Le lundi 7 novembre 2022 à 15:26 - MAJ lundi 7 novembre 2022 à 20:40
"J'ai juste voulu m'enfuir" : Farès D. reconnaît être le conducteur d'un fourgon en fuite qui a mortellement fauché un policier en 2020 mais nie toute volonté de tuer, lors de son procès qui s'est ouvert lundi devant les assises du Rhône.

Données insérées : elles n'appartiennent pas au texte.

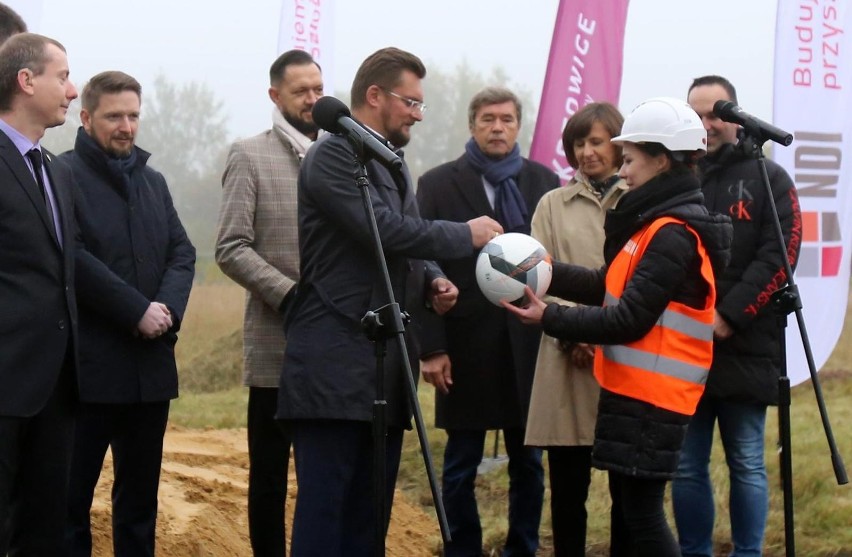 Dlaczego na rozpoczęciu budowy stadionu nie było prezesa GKS Katowice? Znamy odpowiedź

A 24 ans, le visage encore juvénile, il est jugé pour meurtre sur personne dépositaire de l'autorité publique dans l'exercice de ses fonctions. Parce qu'il est en situation de récidive - il a précédemment comparu devant un tribunal correctionnel pour vol par effraction aggravé, pour lequel il risquait au moins 10 ans de prison -, il encourt la réclusion à perpétuité. "La question c'est de savoir s'il en mesurait les conséquences, et si au-delà de ça, sa volonté était de tuer. Tout le débat de cette audience est celui-là. Et je suis intimement convaincu qu'il n'a jamais eu cette intention", a déclaré à la presse son avocat Me Julien Charle.
Pour bien comprendre les circonstances dans lesquelles le policier Franck Labois est décédé, il faut se replonger dans une enquête de la sûreté départementale qui surveille depuis un certain temps une équipe de malfaiteurs. Une quinzaine de faits leur sont imputés, selon la même méthode : des vols de fret avec violences en se faisant passer pour la police.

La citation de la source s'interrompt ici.